Oysa bu bir tarafta insanların sermayelerine fiktif kazanç uygulaması anlamına gelir, öte tarafta paranın yıpranma gerçeğinin yok sayıldığı manası çıkar. Döviz hesabına yüzde 40 vergi yaklaşımı da buna benziyor.
Koca bir ülkenin maliyesi de aynı noktadaysa, ‘paramı neye yatırırsam kazanırım’ diyen vatandaşa, ortada bir kazanç olmadığını, bunun satın alma gücünü korumak anlamına geldiğini boşuna anlatıyoruz demektir.
Ortada bir döviz kazancından bahsedeceksek, bu kur farkının yüzde 40’ı üzerinden vergilendirilecek bir başlık olamaz. Ülkenin Hazine ve Maliye Bakanı bile böyle söylüyorsa, yani döviz kazancı tanımını yapıyorsa adama sorarlar: Bilgisizlikten mi, fırsatçılıktan mı böyle konuşuyorsun?
Çünkü gerçek bir kazançtan bahsedebilmek için, kur farkından kaynaklanan TL’yi masaya koyar, onu enflasyon yıpranması ile sadeleştirir; ancak ondan sonra bir kazançtan söz edebilirsiniz.
Günümüzde vatandaşın da en büyük yanılgısı bu. 18 TL’den aldığı doları 30 TL olduğunda, 12 TL para kazandığını zannediyor. Oysa bunun sadece bir satın alma gücü koruması anlamına geldiğinin farkında değil. Zira bu makasta bir değerlenme, aynı zamanda TL’nin satın alma gücünün değersizleştiği manasına gelir.
Peki gerçekten bilmiyor olabilirler mi? Cari açık değerlendirmelerine baktığınızda, olabilir. Örnek mi? Ağustos 2022’de cari açık 40 milyar dolardı. Ağustos 2023’te ise 57 milyar dolar oldu. Bu durumda sadece 17 milyar dolarlık farktan mı bahsedebilirsiniz?
Hayır; dolar basmadığınıza göre bunun TL karşılığında size olan maliyetini ortaya koymak durumundasınız. Ağustos 2022’de dolar / TL kuru 18,19 seviyesindeydi. Yani 40 milyar dolar cari açıkta TL maliyetiniz 727 milyar 600 milyon TL idi.
Ağustos 2023’te dolar /TL kuru 26,71 idi. Bu durumda 57 milyar dolar açıkta TL maliyetiniz 1 trilyon 522 milyar TL yapar. Yani görüldüğü gibi dolar bazında baktığınızda açık sadece yüzde 40 artmışken, TL bazında maliyeti yüzde 100’ü aşmıştır.
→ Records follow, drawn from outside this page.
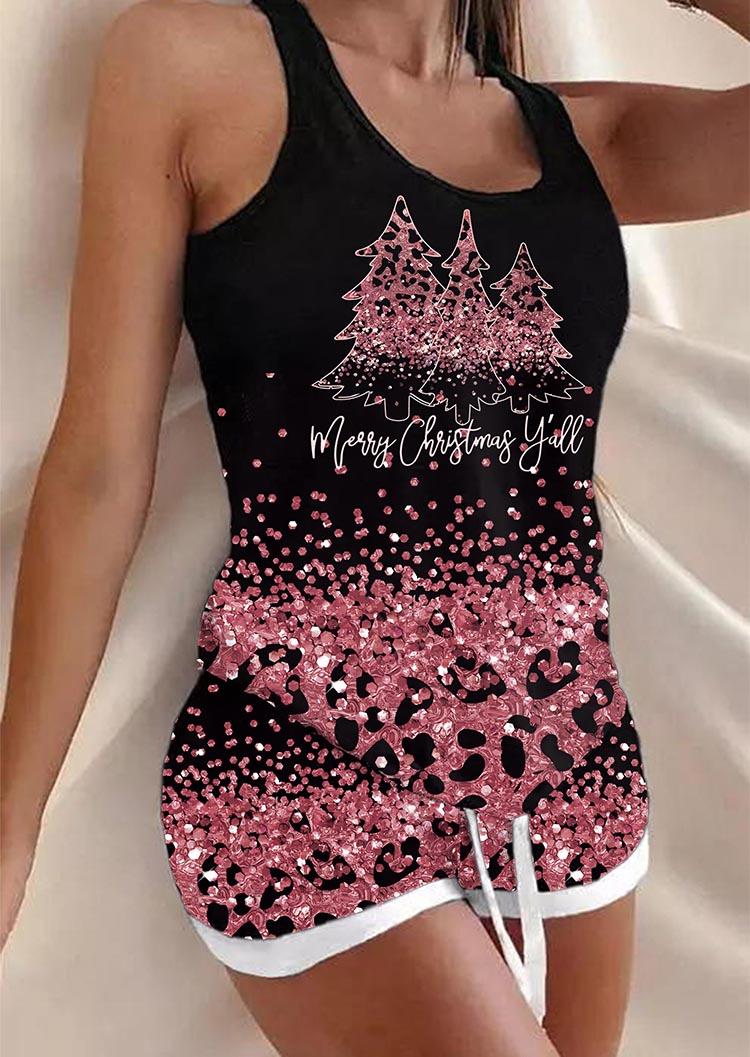 

Sleepwear Merry Christmas Y'all Glitter Leopard Tank And And Shorts Pajamas Set in Multicolor. Size: L,M,,XL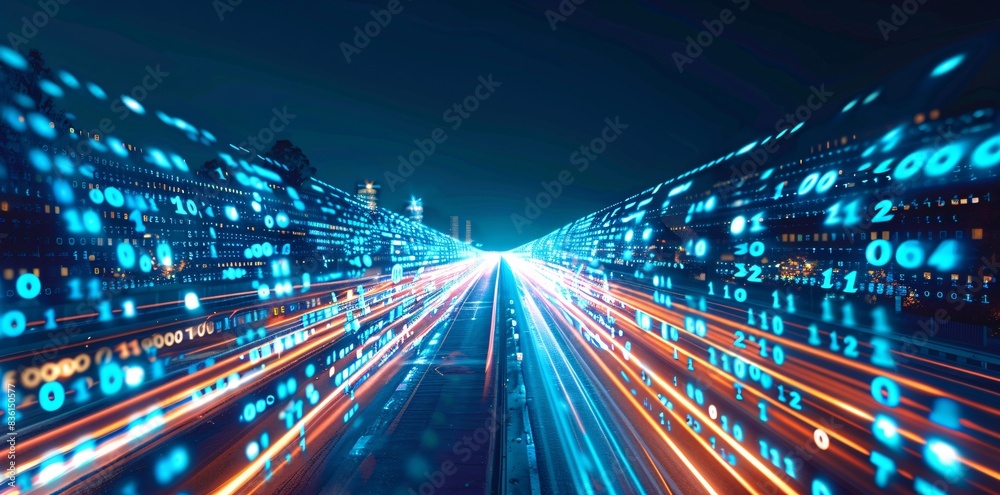 Fototapeta premium High-Speed Digital Data Transfer on Information Superhighway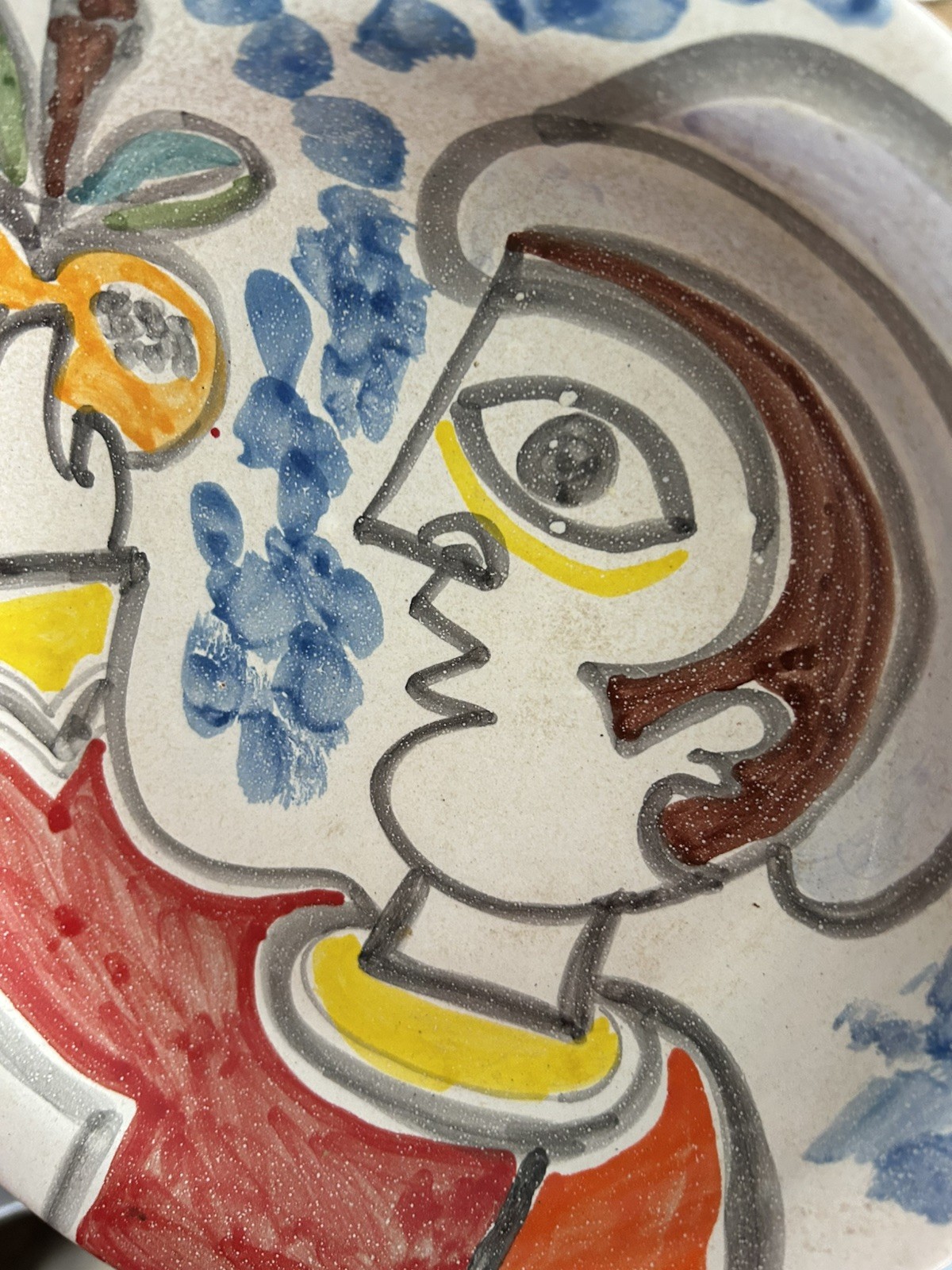 Vintage DeSimone Pottery Pasta Bowl/Plate/Dish Picasso Style Man Picking Fruit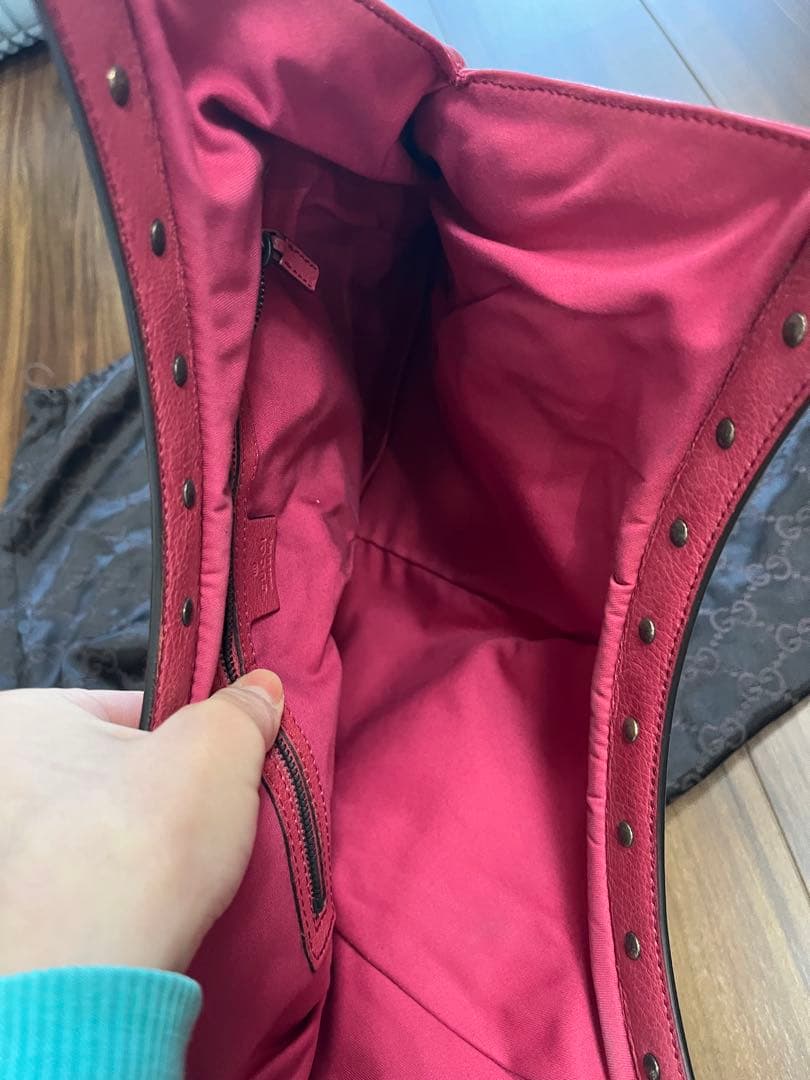 GUCCI ピンク ハンドバッグ バンブーハンドル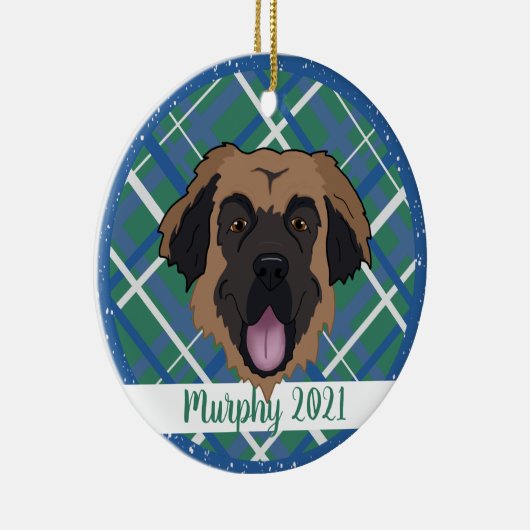Leonberger Christmas Keramik Ornament (Rechts)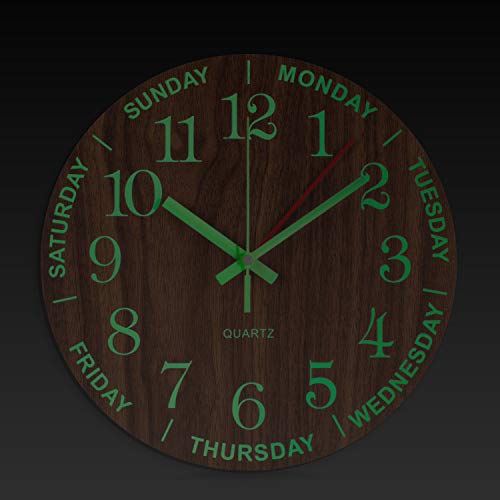 Night Light Wall Clock, Time of Day & Day of The Week Glow in Dark Luminous Wall Clock, Silent Battery Operated Elderly Retirement Analog Wall Clock for Living Room, Bedroom, Kitchen - 12 Inch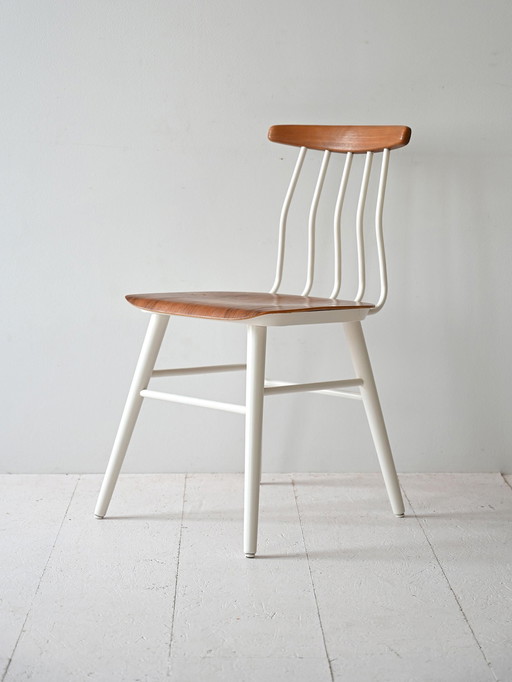 Vintage 1960S Scandinavian Chair With White Painted Frame And Molded Wooden Seat
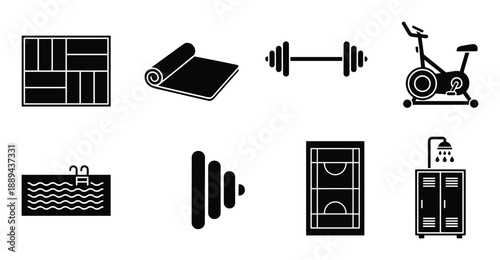 A complete gym and fitness icons set including pool, yoga mat, dumbbell, exercise bike, locker and shower icons.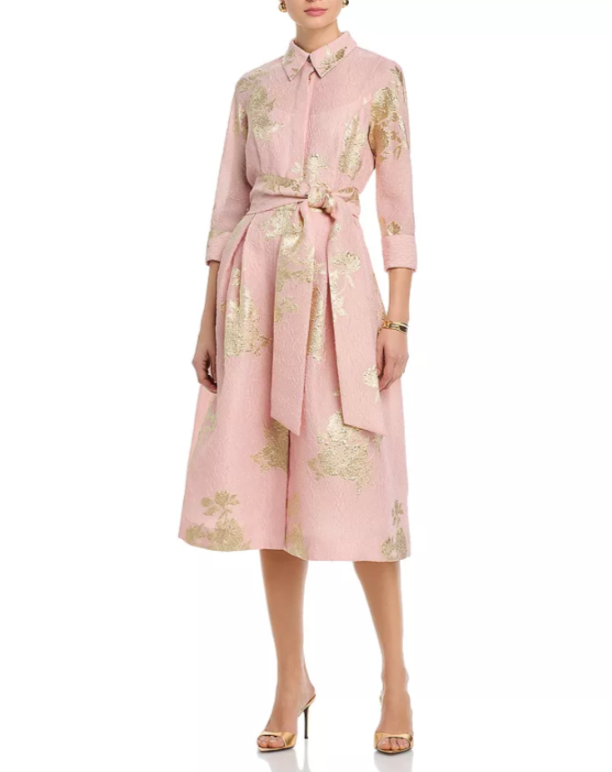 Teri Jon by Rickie Freeman Metallic Floral Jacquard Shirt Dress MSRP $680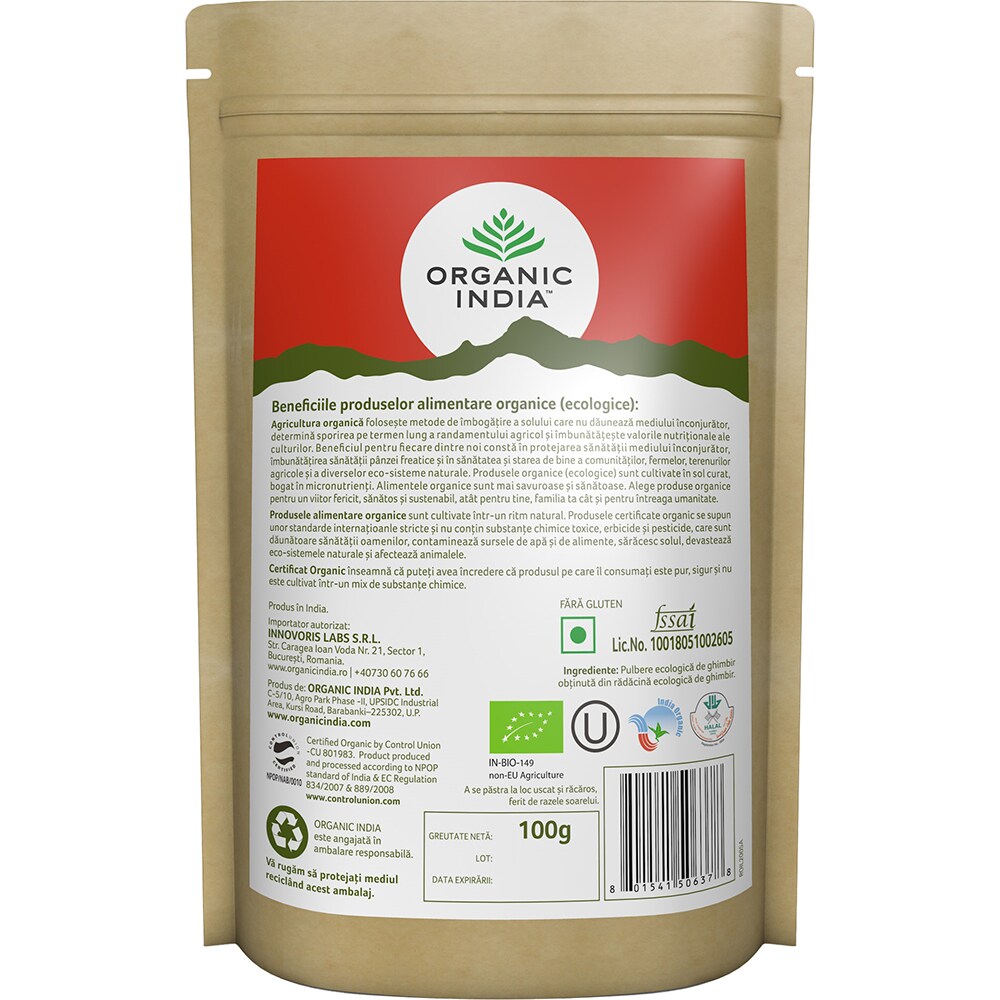 Ghimbir pulbere fara gluten, 100 g, ORGANIC INDIA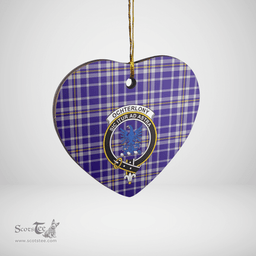 Scottish Ochterlony Clan Tartan Ceramic Ornament - Crest Heart Style Scottish Plaid Tartan Plaid
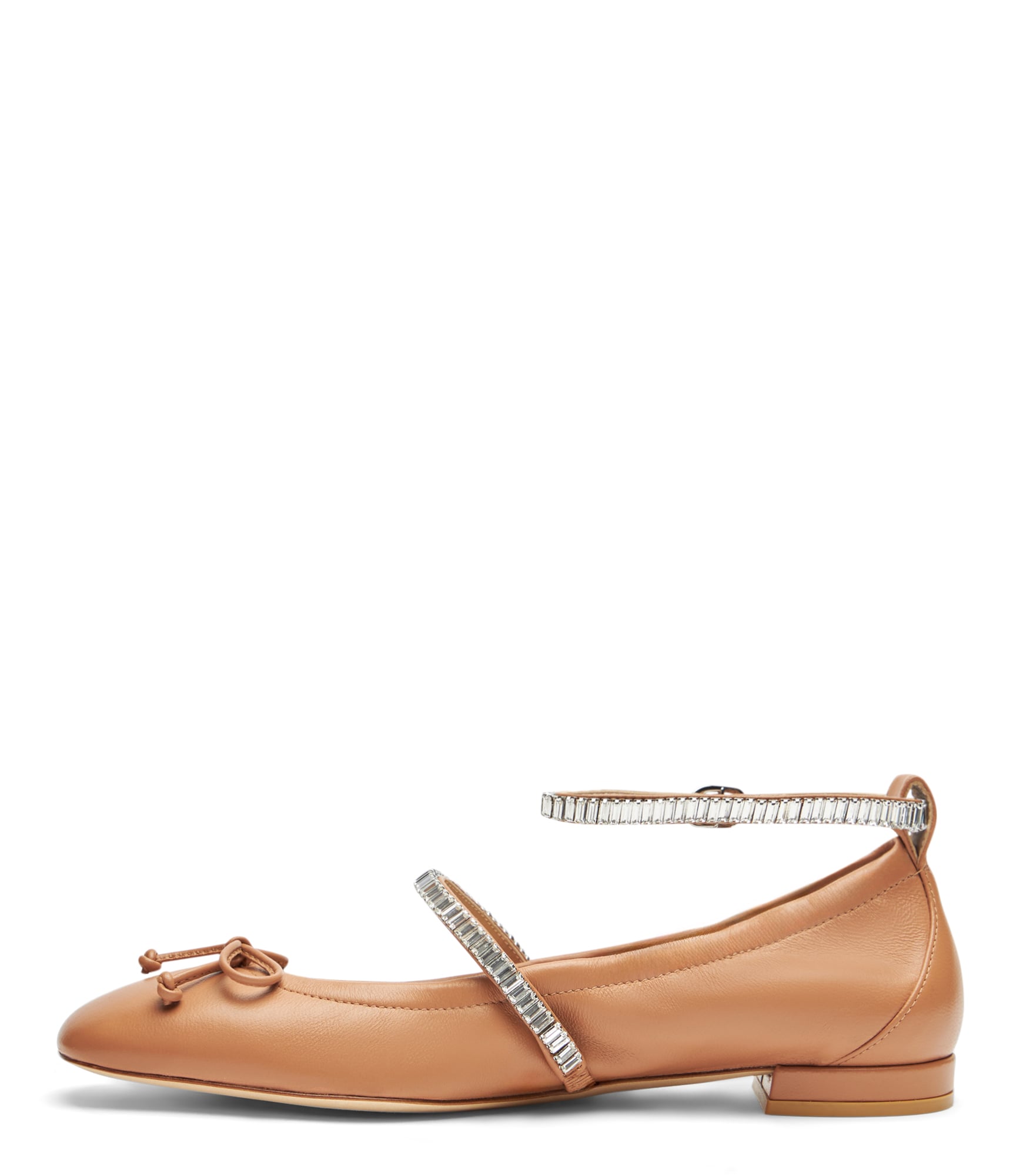  Stuart Weitzman Stefanie Ballet Flat - Woman  Tan/clear 39.5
Dolar basma yetkiniz olmadığına göre, bu paranın karşılığını çalışıp, TL olarak üretecek ve dolara çevireceksiniz demektir. Bu durumda da cari açık cephesindeki kötüleşme yüzde 40 değil, yüzde 100 üzerinden hesaplanır.
Meselenin tam tersini düşündüğünüzde, dövize yatırılan bir paranın enflasyon yıpranmasından ayrı düşünülerek vergilendirilmesi mümkün olabilir mi? Olur diyorsanız ya finansal okuryazarlığınız yok ya da kurnazlık yapıyorsunuz demektir.
Son söz. Bu hamleye rağmen inanılmayan bir enflasyon açıklaması ve faiz uygulaması çerçevesinde dolardan TL mevduata dönüş olur mu? Olmaz. Para sadece ekonominin dışına yastık altına kaçar. Bunu da göremiyorsanız, zaten ekonomiyi yönetemiyorsunuz demektir.